Every entry should be repeated exactly. Omit the pictures.

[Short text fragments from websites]
|---|

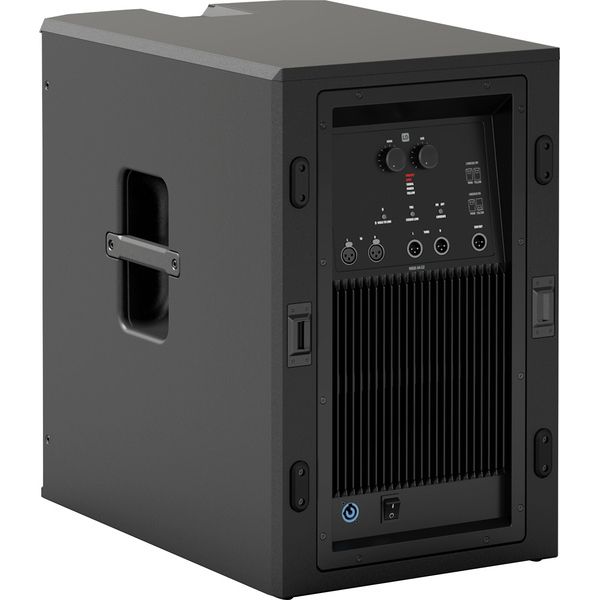 LD Systems Maui 44 G2 Subwoofer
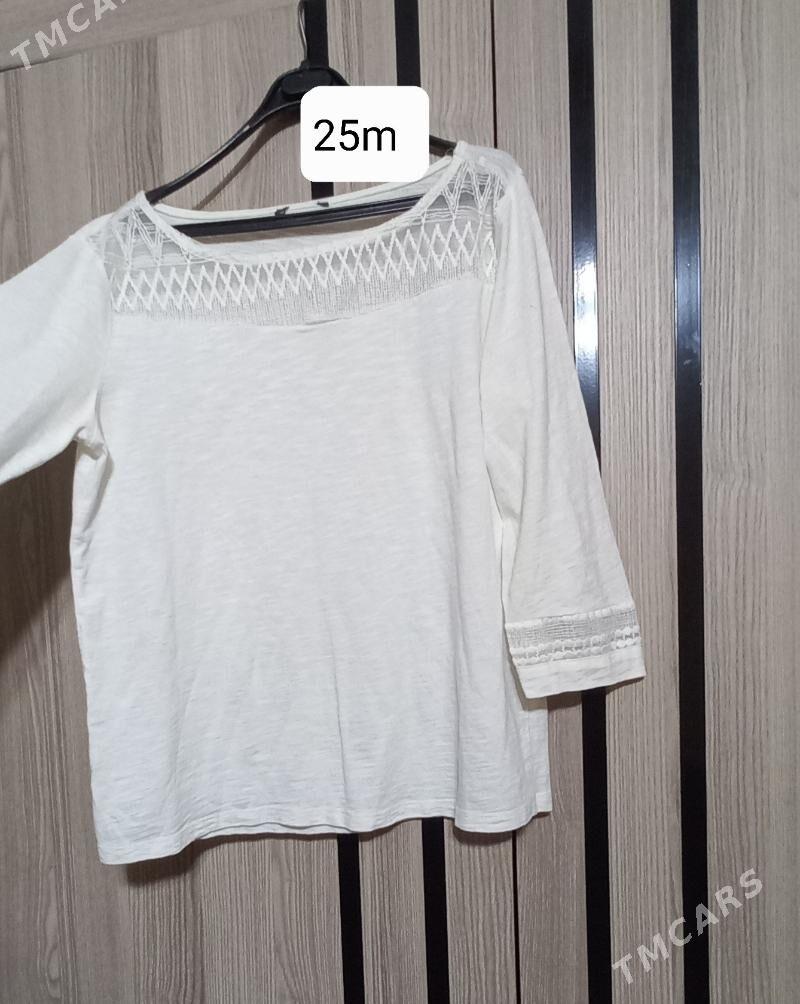 koftalar - Daşoguz - img 8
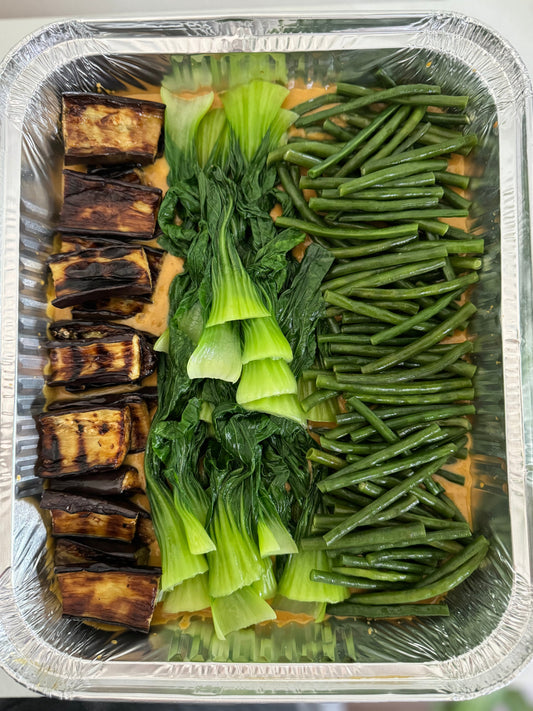 Kare-Kare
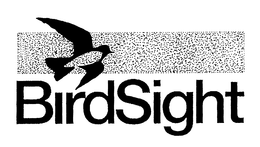 BIRDSIGHT trademark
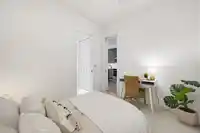 214 10168 149 STREET - thumbnail 18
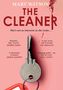 Mary Watson: The Cleaner, Buch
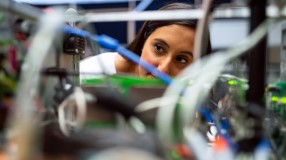 PLM eller PDM og hva er egentlig forskjellen?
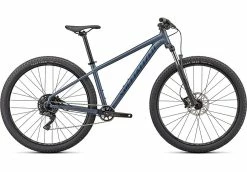 VTT Semi-Rigide Specialized Rockhopper Comp 29 Satin Cast Battle Ship / Gloss 2022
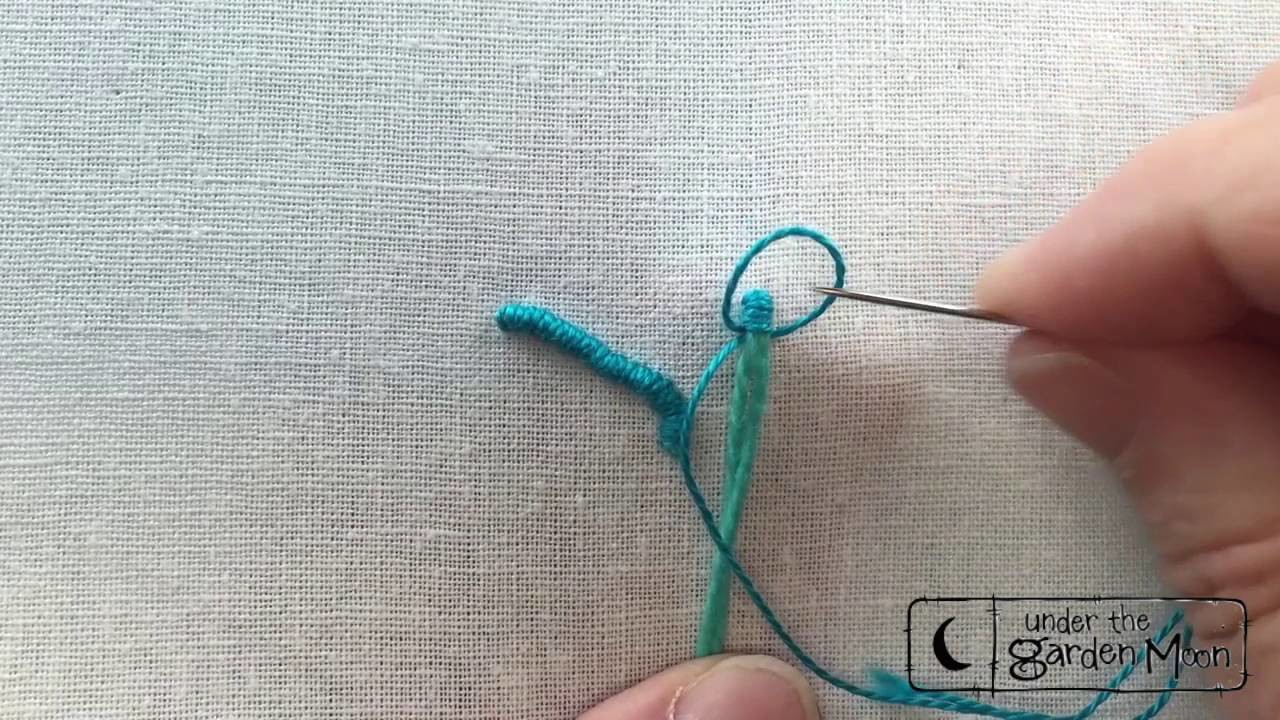 overcast-stitch-tutorial-by-amy-mcclellan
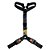 Peitoral H flex c/ pegada - Imagem 10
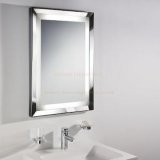 New Design Customized Mirror Frame in China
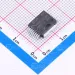STMicroelectronics_VND5T016ASPTR-E_Current Limit SW 2-IN 2-OUT to 90A Automotive 18-Pin(16+2Tab) PowerSO T/R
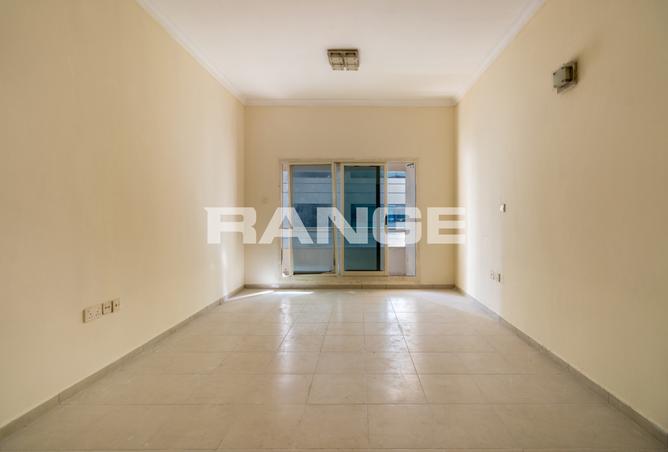 114167421 - Property Image 2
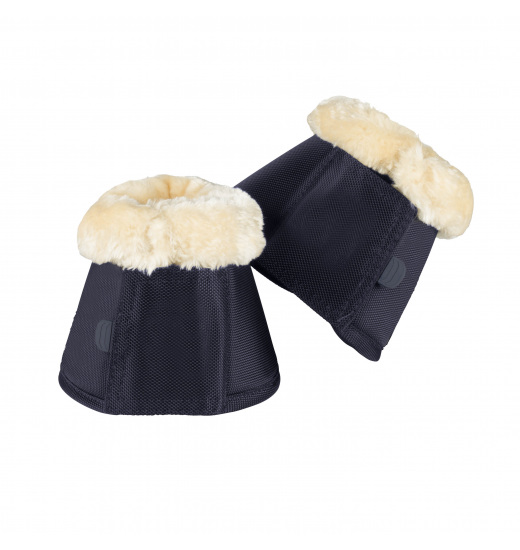 KALOSZE DLA KONIA FAUXFUR CLASSIC SPORTS KALOSZE DLA KONIA FAUXFUR CLASSIC SPORTS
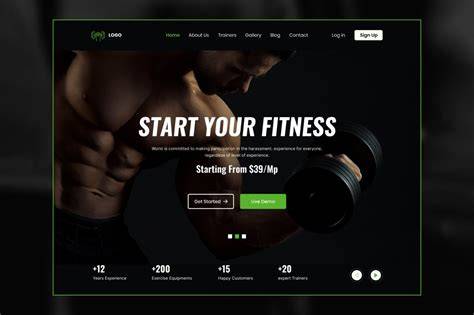 best best creative creative fitness workout design tutorial tutorial trending
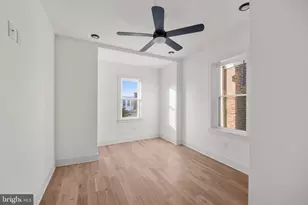 5029 Pentridge St, Philadelphia, PA 19143 - Photo 27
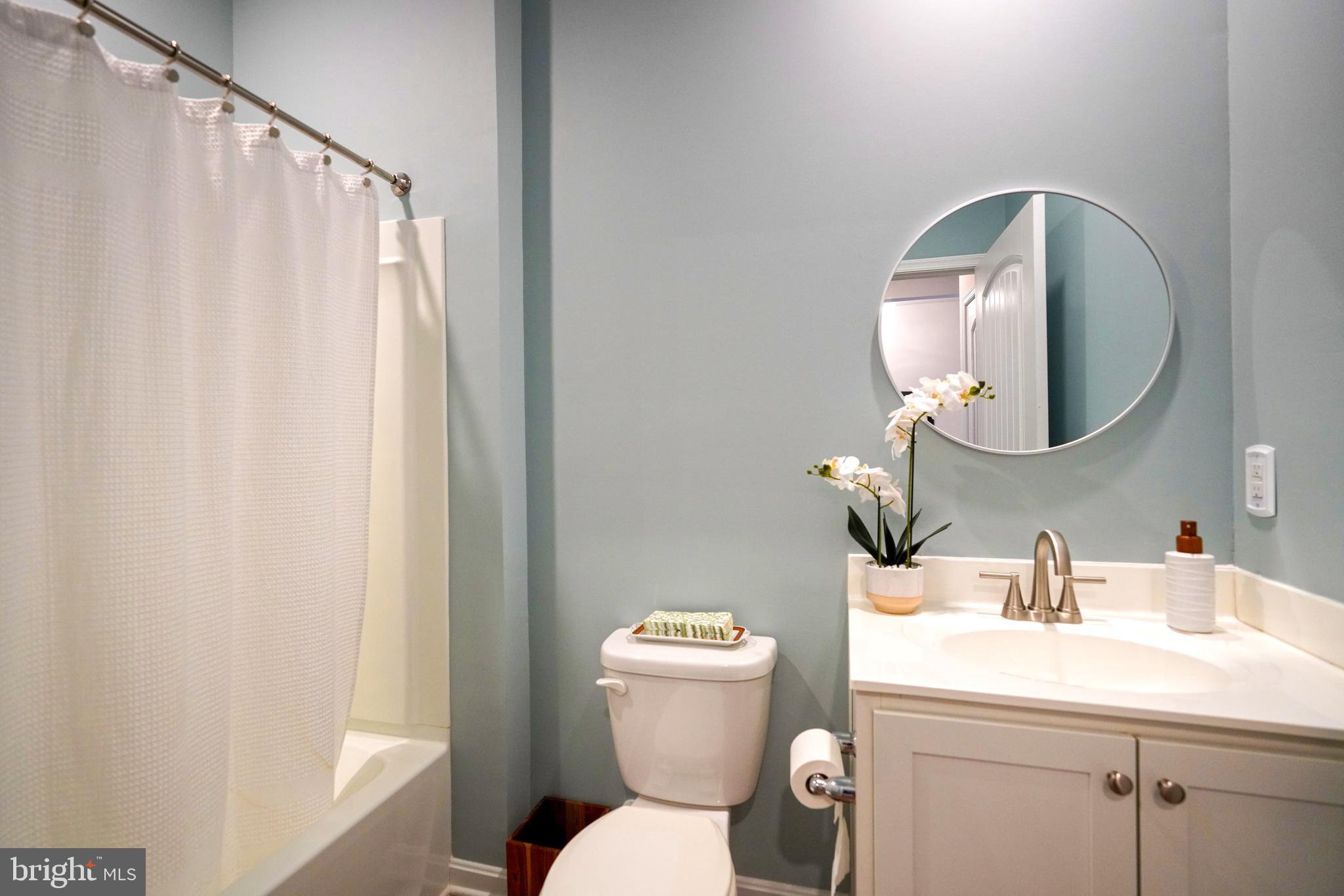 STONEWATER CREEK - Residential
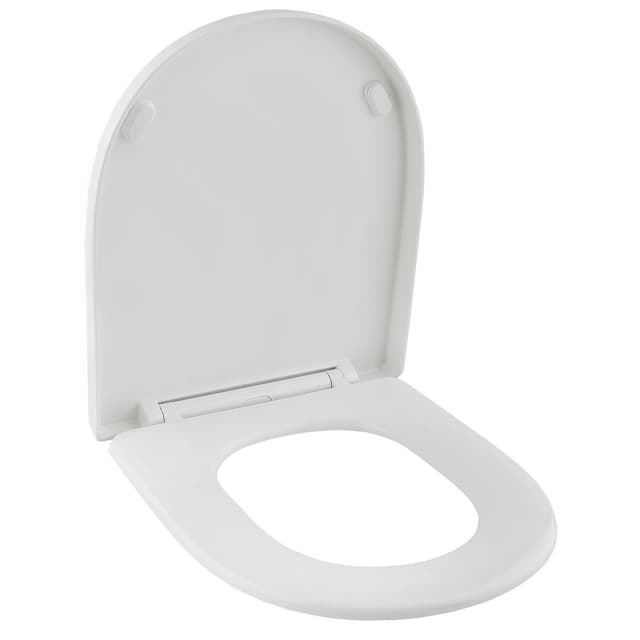 DESKA SEDESOWA MEDELIN - AWD Interior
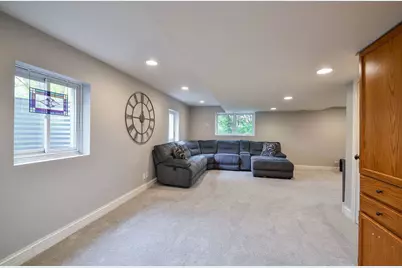 510 Thorne Street, Batavia, IL 60510 - Photo 17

|---|

▶ _ANSWER SECTION_:
 LD Systems Maui 44 G2 Subwoofer
 koftalar - Daşoguz - img 8
 Kare-Kare
 BIRDSIGHT trademark
 214 10168 149 STREET - thumbnail 18
 Mary Watson: The Cleaner, Buch
 PLM eller PDM og hva er egentlig forskjellen?
 VTT Semi-Rigide Specialized Rockhopper Comp 29 Satin Cast Battle Ship / Gloss 2022
 overcast-stitch-tutorial-by-amy-mcclellan
 Peitoral H flex c/ pegada - Imagem 10
 New Design Customized Mirror Frame in China
STMicroelectronics_VND5T016ASPTR-E_Current Limit SW 2-IN 2-OUT to 90A Automotive 18-Pin(16+2Tab) PowerSO T/R
 114167421 - Property Image 2
 KALOSZE DLA KONIA FAUXFUR CLASSIC SPORTS KALOSZE DLA KONIA FAUXFUR CLASSIC SPORTS
 best best creative creative fitness workout design tutorial tutorial trending
 5029 Pentridge St, Philadelphia, PA 19143 - Photo 27
 STONEWATER CREEK - Residential
 DESKA SEDESOWA MEDELIN - AWD Interior
 510 Thorne Street, Batavia, IL 60510 - Photo 17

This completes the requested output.